Free Cash Flow Growth

The percentage change in free cash flow (cash from operations minus capital spending) from one period to the same period a year earlier.

Part of the Growth & Capital Returns course · Lesson 3 of 26
Formula
(Current FCF - Prior FCF) / Prior FCF x 100, where FCF = Operating Cash Flow - Capital Expenditures

What it is

Free cash flow (FCF) is the cash a company generates from its operations after paying for the capital expenditures needed to maintain and grow the business. FCF growth measures how fast that leftover cash is rising or falling over time. Because it is based on actual cash rather than accounting profit, FCF growth shows whether the company is producing more spendable cash each year.

Why it matters

Free cash flow is the cash available to repay debt, pay dividends, buy back shares, or reinvest, so growing FCF gives a company real financial flexibility. FCF growth is often a higher-quality signal than earnings growth because it is harder to manipulate with accounting choices. Watch out for lumpy capital spending: a company can post a big jump in FCF growth simply by cutting investment one year, which can hurt the business later, so check whether FCF is rising because operations improved or because spending was deferred.

How it's calculated

First compute free cash flow as cash from operations minus capital expenditures for each period, then take current FCF minus prior FCF, divide by prior FCF, and multiply by 100.

How Quintarthai uses it

The 10-year Cash-Flow statement in the Financials tab of each company's deep-analysis page shows operating cash flow and capital expenditures so you can see the free-cash-flow trend, and Quinn's deep analysis quantifies FCF and debt/liquidity risk with click-to-source receipts.

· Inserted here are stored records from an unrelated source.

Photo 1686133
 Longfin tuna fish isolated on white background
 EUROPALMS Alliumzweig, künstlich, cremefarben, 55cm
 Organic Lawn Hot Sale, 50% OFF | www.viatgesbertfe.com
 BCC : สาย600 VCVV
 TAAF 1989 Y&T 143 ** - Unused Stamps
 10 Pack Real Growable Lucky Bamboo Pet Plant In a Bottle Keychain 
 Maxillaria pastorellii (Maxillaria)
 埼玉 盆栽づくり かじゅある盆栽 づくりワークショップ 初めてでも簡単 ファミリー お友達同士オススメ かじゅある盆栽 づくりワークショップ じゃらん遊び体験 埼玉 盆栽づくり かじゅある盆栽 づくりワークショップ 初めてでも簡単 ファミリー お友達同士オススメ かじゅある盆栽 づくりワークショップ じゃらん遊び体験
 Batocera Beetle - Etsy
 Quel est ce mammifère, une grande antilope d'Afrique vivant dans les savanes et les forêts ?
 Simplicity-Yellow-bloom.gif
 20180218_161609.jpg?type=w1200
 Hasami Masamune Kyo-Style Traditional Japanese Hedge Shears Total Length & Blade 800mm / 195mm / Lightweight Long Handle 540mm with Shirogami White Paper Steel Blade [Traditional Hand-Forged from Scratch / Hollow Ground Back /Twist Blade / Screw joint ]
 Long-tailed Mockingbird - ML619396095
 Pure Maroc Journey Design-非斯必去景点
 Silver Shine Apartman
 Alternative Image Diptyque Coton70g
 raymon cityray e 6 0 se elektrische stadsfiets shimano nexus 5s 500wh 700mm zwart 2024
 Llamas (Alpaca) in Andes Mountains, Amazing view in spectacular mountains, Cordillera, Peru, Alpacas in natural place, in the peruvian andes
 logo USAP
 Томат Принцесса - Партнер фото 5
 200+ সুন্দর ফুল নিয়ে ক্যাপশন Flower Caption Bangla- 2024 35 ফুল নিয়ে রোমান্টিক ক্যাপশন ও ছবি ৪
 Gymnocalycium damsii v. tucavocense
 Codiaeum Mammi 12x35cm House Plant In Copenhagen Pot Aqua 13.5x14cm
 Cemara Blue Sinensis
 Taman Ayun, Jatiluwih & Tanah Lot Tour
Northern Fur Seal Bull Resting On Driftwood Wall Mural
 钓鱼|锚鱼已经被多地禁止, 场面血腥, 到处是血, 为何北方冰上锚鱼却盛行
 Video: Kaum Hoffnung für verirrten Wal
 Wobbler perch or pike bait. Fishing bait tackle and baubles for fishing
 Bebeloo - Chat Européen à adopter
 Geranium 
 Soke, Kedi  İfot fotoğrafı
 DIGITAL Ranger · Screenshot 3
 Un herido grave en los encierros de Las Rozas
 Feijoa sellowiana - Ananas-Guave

Cross-border note. IFRS (used by Canadian filers) and US GAAP can classify items such as interest paid or received differently on the cash-flow statement, so when comparing FCF growth across the border confirm that operating cash flow is defined the same way for both names.

FAQ

Why might free cash flow growth differ from earnings growth?
Earnings include non-cash items like depreciation and accruals and exclude capital spending, while FCF is real cash after capex; the two can diverge sharply when a company is investing heavily or when accounting profit and cash collection are out of sync.
Is rising free cash flow always a good sign?
Not necessarily. If FCF grows mainly because the company slashed capital expenditures, it may be under-investing, which can boost cash today but weaken growth and competitiveness later.